Board

Paul Cuadros

Paul Cuadros (Chapel Hill, North Carolina)

Paul Cuadros is a professor of journalism at the University of North Carolina-Chapel Hill. An award-winning investigative reporter, Paul has written for The Huffington Post, The New York Times, Salon, Time and other publications. Paul is the author of "A Home on the Field," a story about Latino immigration told through the lives of a North Carolina soccer team, and is chair of the UNC Scholars' Latino Initiative at the Center for Global Initiatives. Paul holds a bachelor's from the University of Michigan and a master's from Northwestern University.


Cynthia Greenlee

Cynthia Greenlee (Durham, North Carolina)

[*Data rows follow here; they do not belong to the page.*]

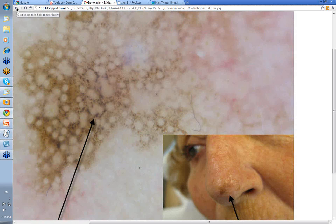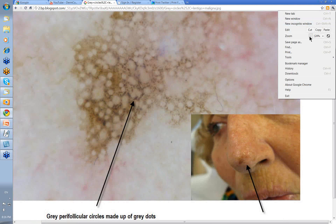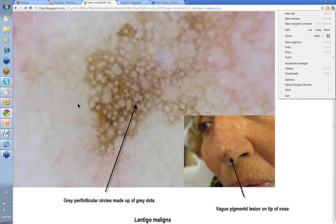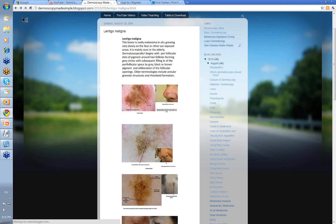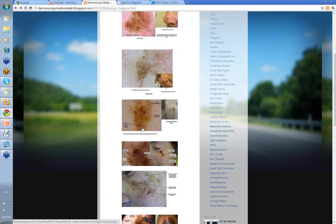I'm not going to go into treatments just now — that's for another day and another time. So, gray circles are one of the hallmarks of lentigo maligna.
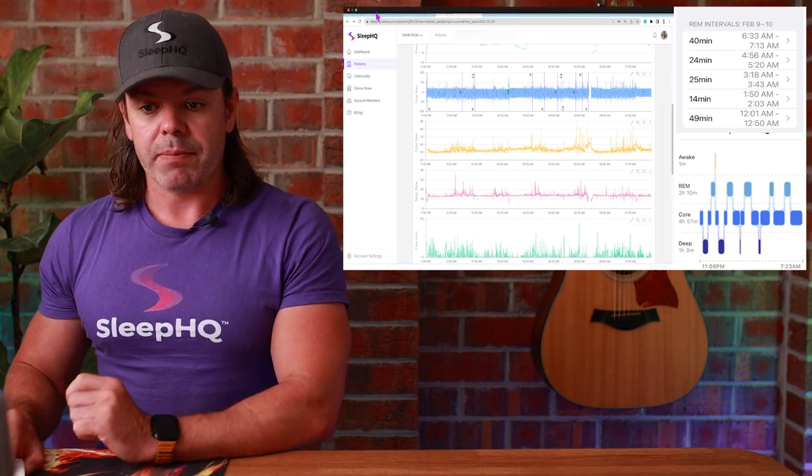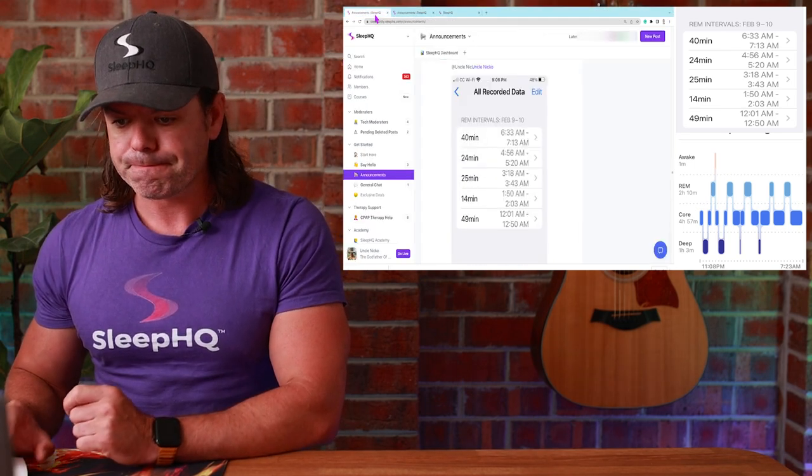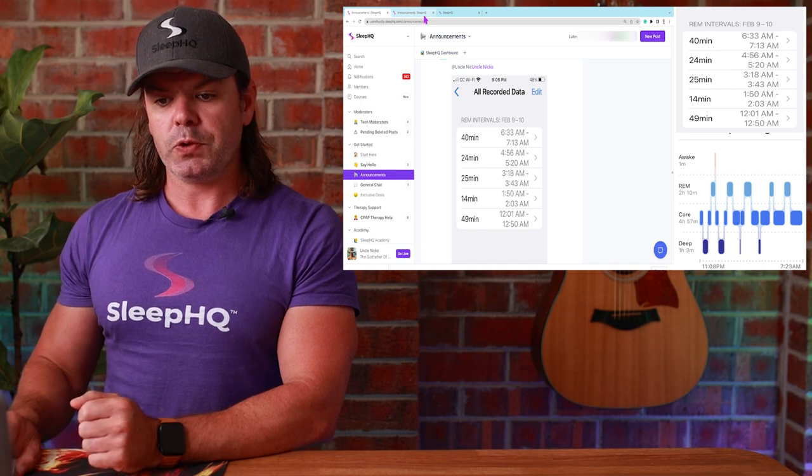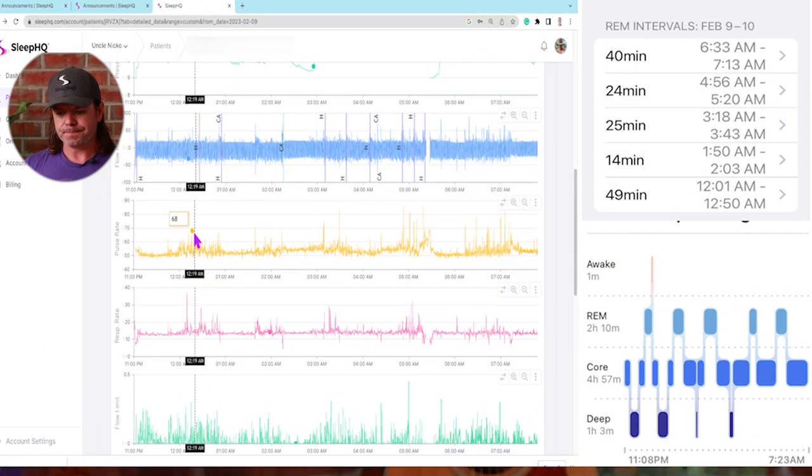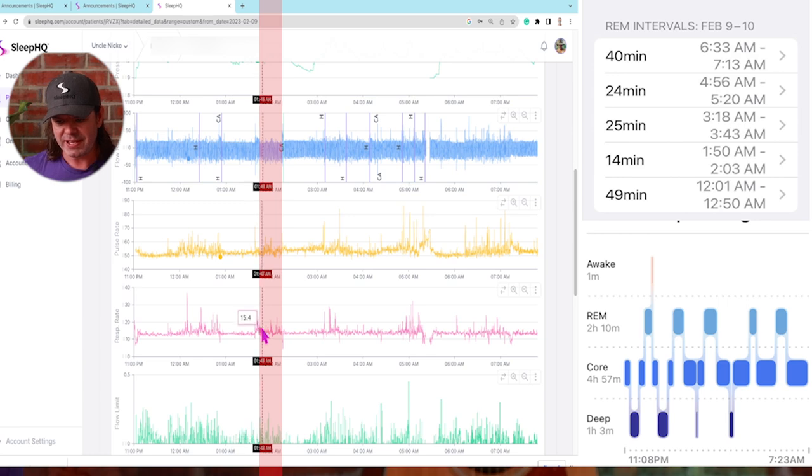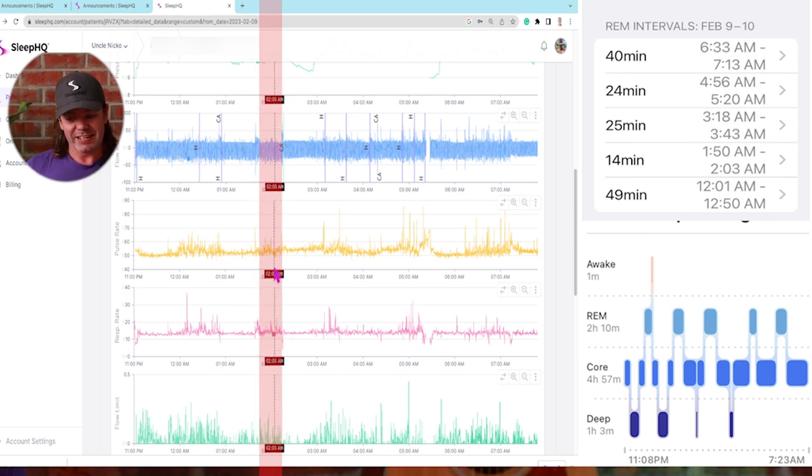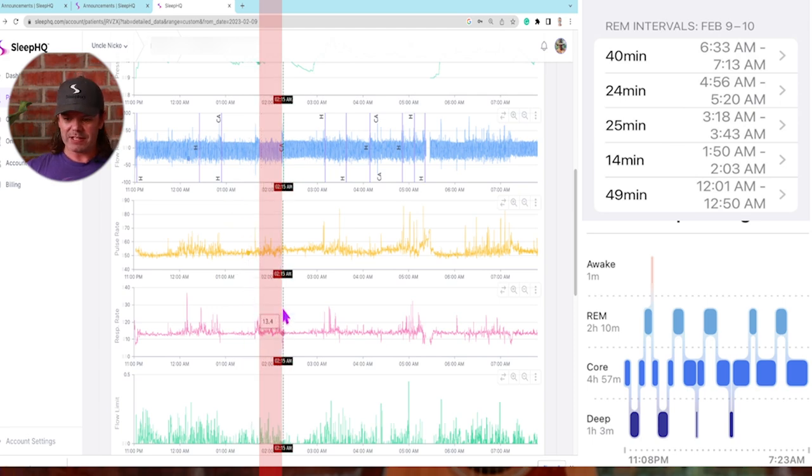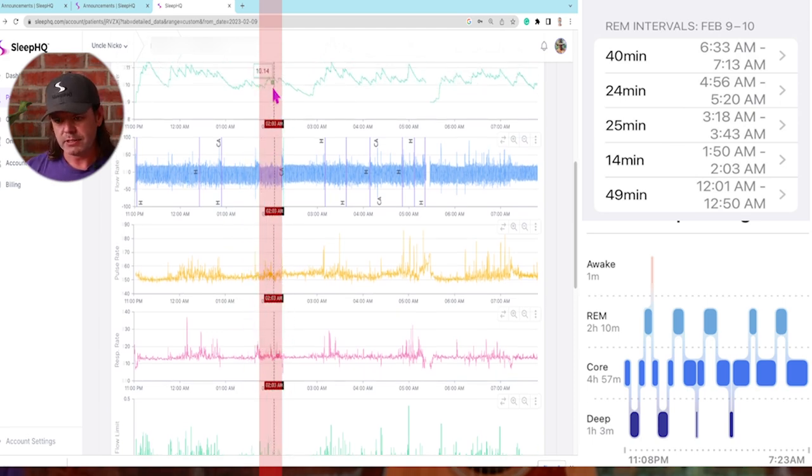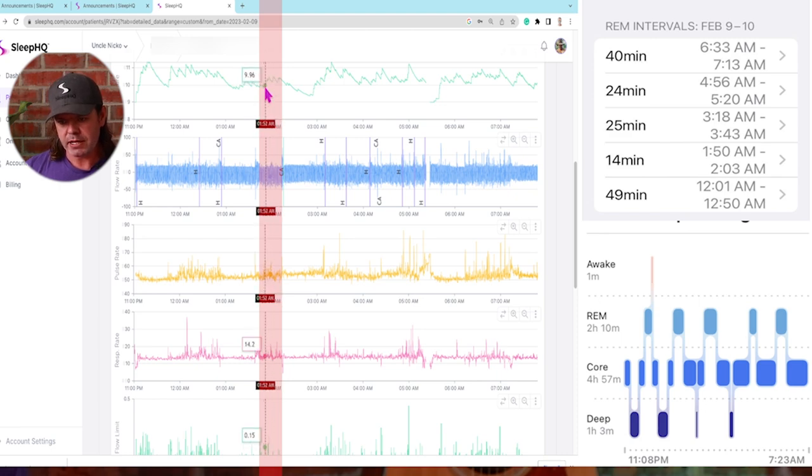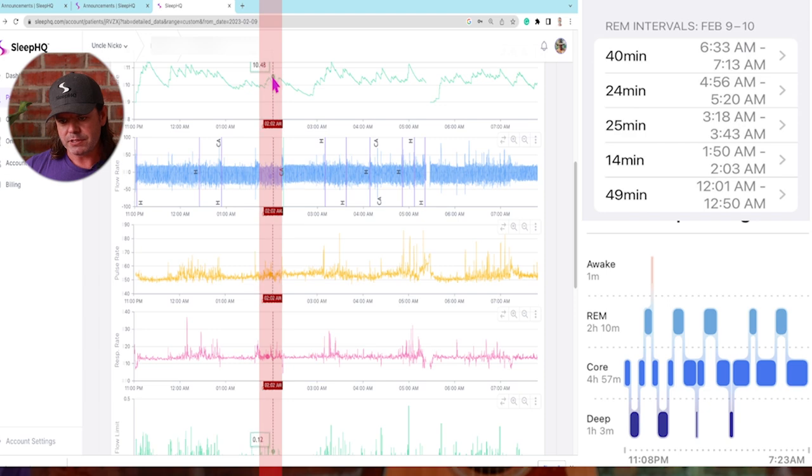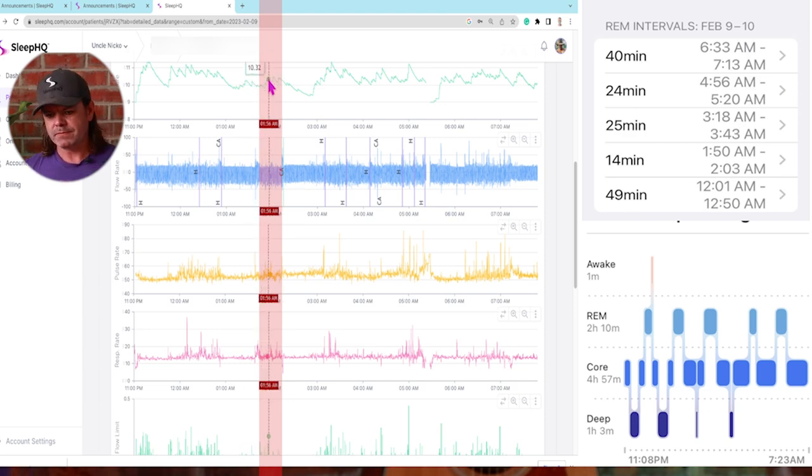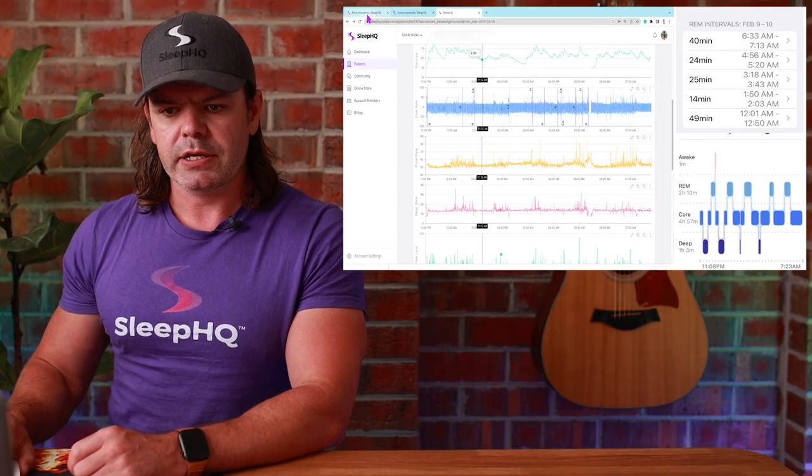Let's check out number two REM period. 1:50 to 2:03, where's 1:50? There's 1:50 here to 2:03, here. You can see once again, same thing as last time. Let's see what happened with the pressure this time. Nothing really too much happening with the pressure there. You can see an increase from nine up to 10.48. So it has increased during that period. Nothing too bad though.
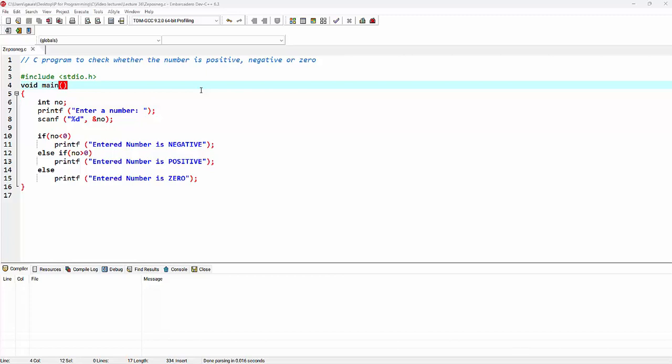In this lecture we'll see a C program to check whether the number is positive, negative, or zero. As we can see, we have got three conditions: if the number is positive, if the number is negative, and if the number is zero. As there are more than two conditions, we will implement the else-if clause. I have already covered the concept of else-if clause in a previous lecture, and the link is provided in the description box.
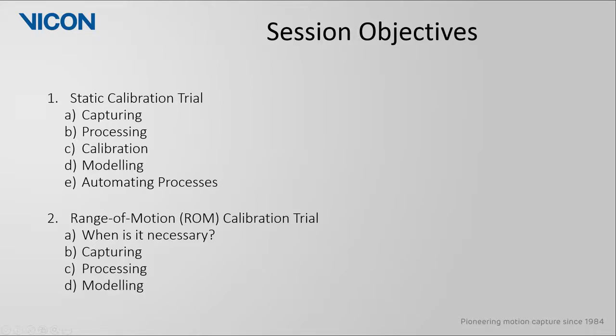For the static trial, we will look at the considerations for capture, processing, and calibrating. We will then look at how to model using this template. Lastly, we will look at how to make this initial step of calibration and modeling more automated.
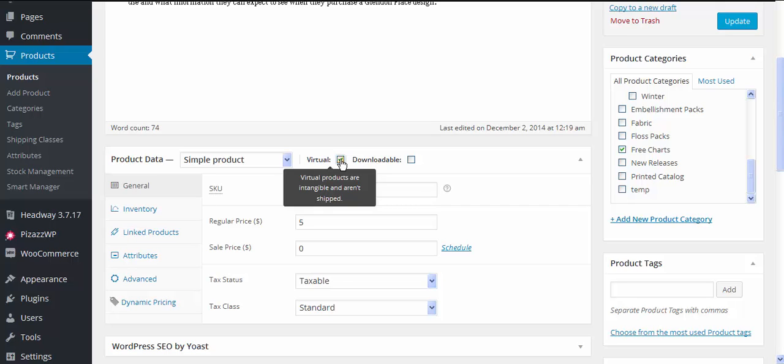So if you've got a product that you're not going to charge shipping for, whether it is downloadable or a physical product, you need to tick the virtual box to stop shipping being calculated for that, whether it's a free product or not.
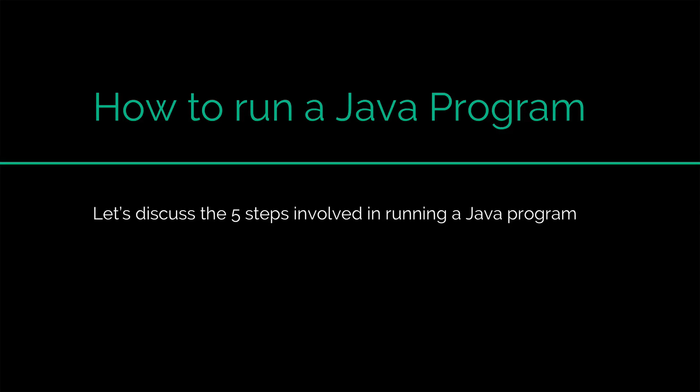Hi there, this is Viv here. In this video, I will show you the steps involved in running a Java program.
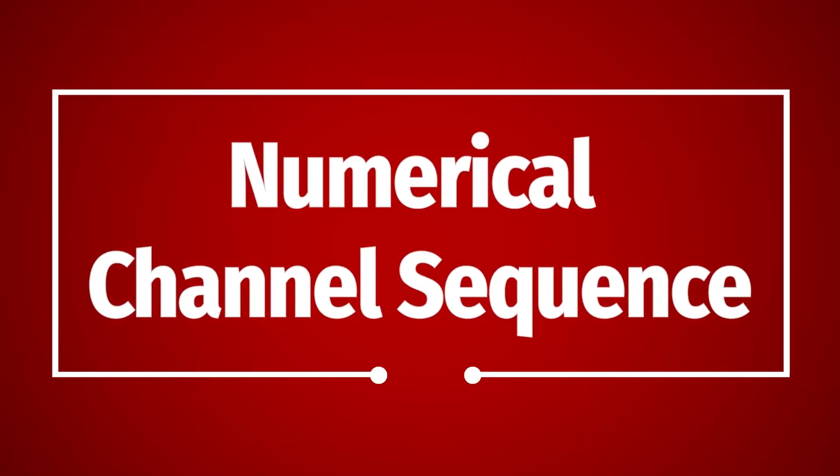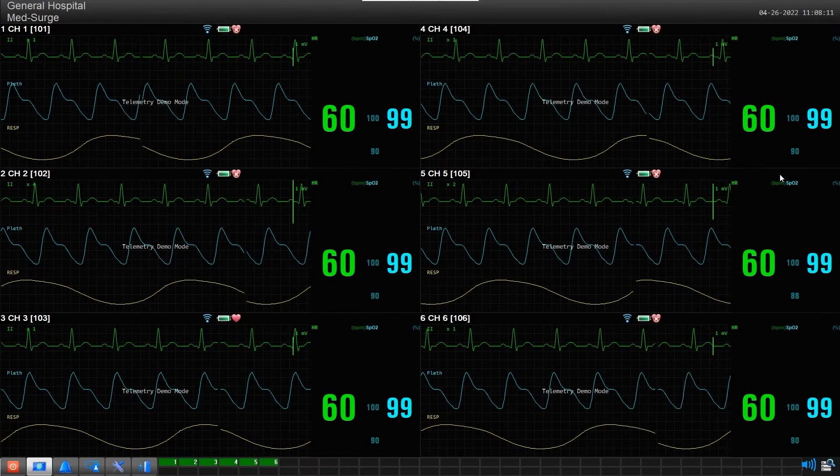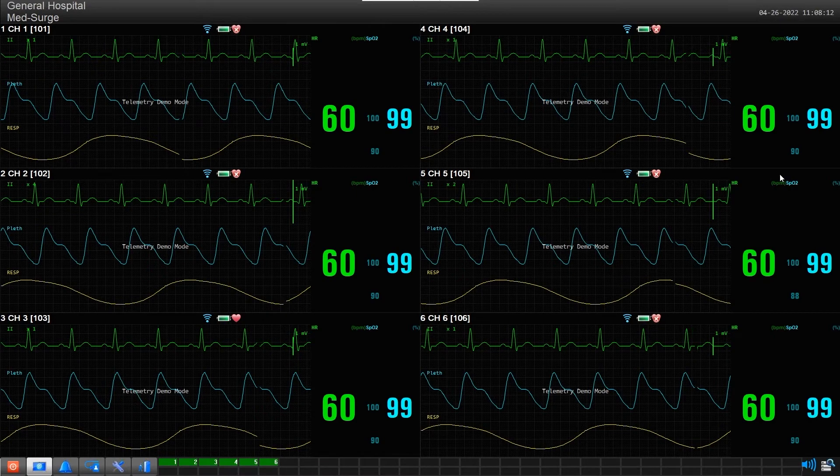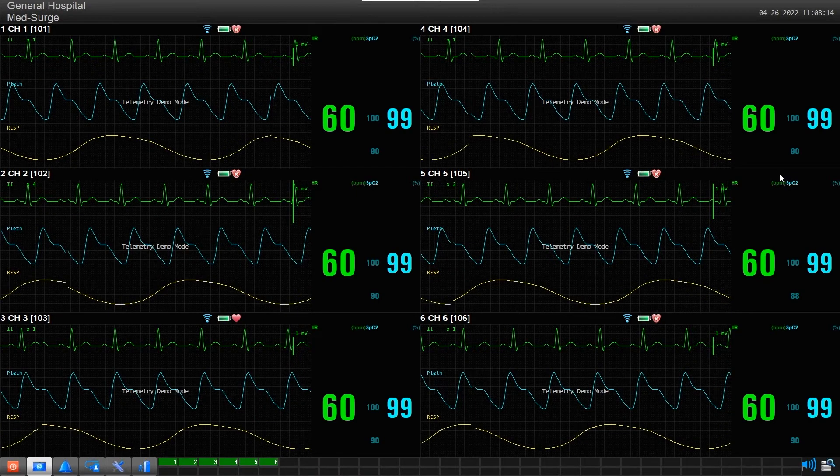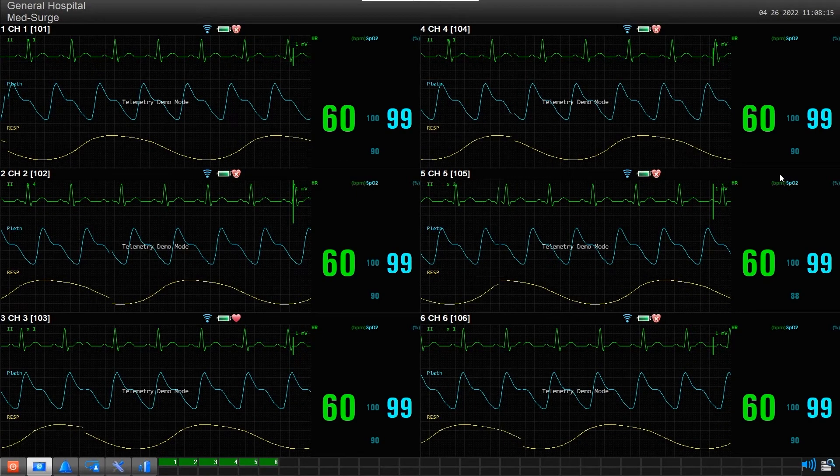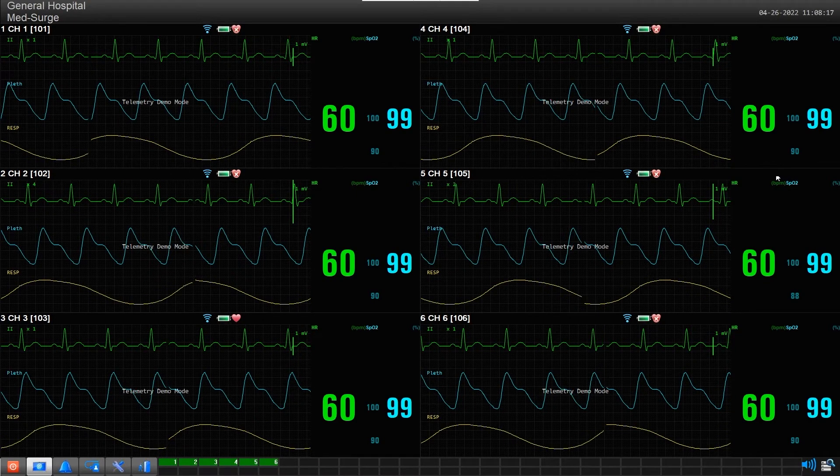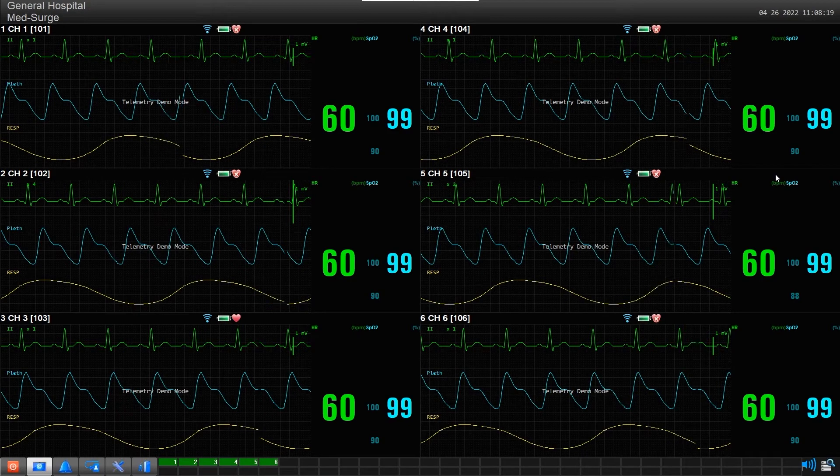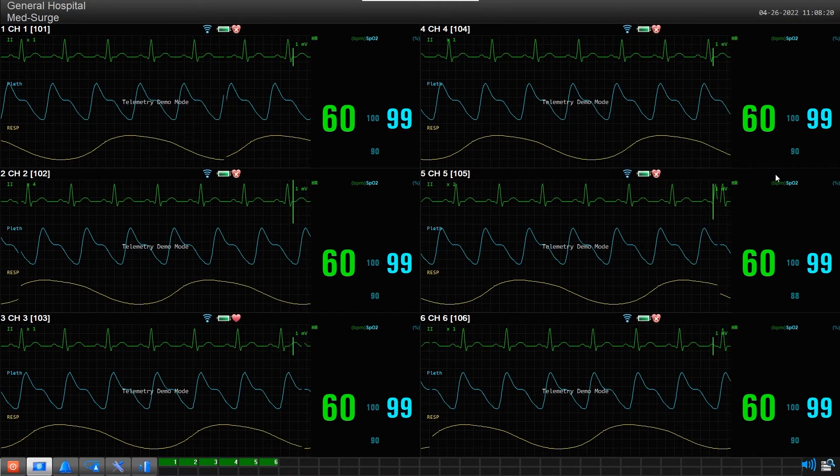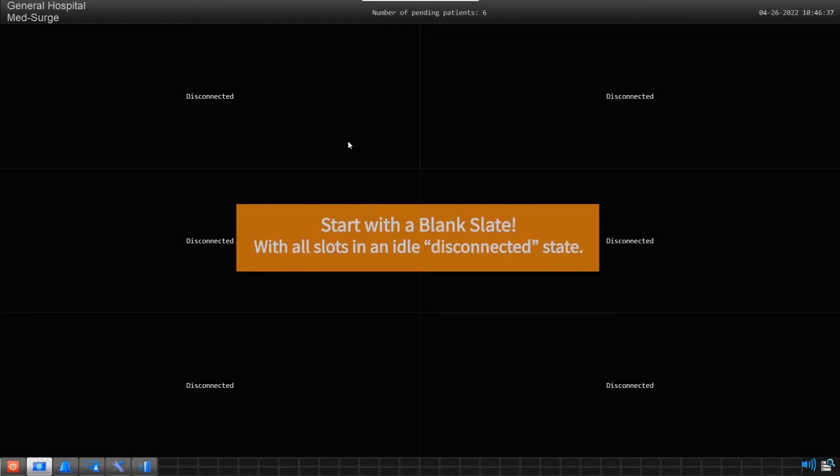Numerical Channel Sequence: You may want all your devices to remain in perfect numerical order and never change their positions on the screen. This can be easily accomplished by following a few simple guidelines. Step 1: Start with a blank slate with all slot positions set to Idle in a disconnected state.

A native of Greensboro, North Carolina, Cynthia Greenlee is director of special projects and communications at National Advocates for Pregnant Women. Cynthia is also an independent scholar and writer whose work focuses on African-American and women's history in the U.S. South. She was an editor at Ipas and she has served as a consultant for several social justice organizations. Cynthia's writing has appeared in Ebony, Facing South, In These Times, Indy Week, and The Journal of African-American History. Cynthia holds a master's in communication from the University of North Carolina and a doctorate in American history from Duke University. 


Kieran Taylor

Kieran Taylor (Charleston, South Carolina)

Kerry Taylor is a professor of history at The Citadel in South Carolina, where he directs The Citadel Oral History Program. A specialist in 20th century American civil rights and labor history, Kieran co-edited two volumes of the papers of Martin Luther King Jr. and has written on rural activism in North Carolina, the folklorist Archie Green, and many other subjects. He formerly worked at the Southern Oral History Program at the University of North Carolina-Chapel Hill and the Center for Documentary Studies at Duke University. Kerry holds a master's from the University of Mississippi and a doctorate from UNC-Chapel Hill. 


Allie Yee

Allie Yee (Portland, Oregon)

Allie is a Chinese-Japanese-American who grew up in the U.S. South and recently relocated to the Pacific Northwest. Previously, Allie was based in North Carolina where she served as the associate director of the Institute for Southern Studies, a civil rights media nonprofit, where she researched voting and civic engagement among growing Latinx and Asian communities across the South. Prior to that, she supported grantmaking at the Z. Smith Reynolds Foundation around issues of education, the environment, community economic development, democratic reform, and social justice. She holds a BA in Public Policy Studies from Duke University and an MBA from the Yale School of Management.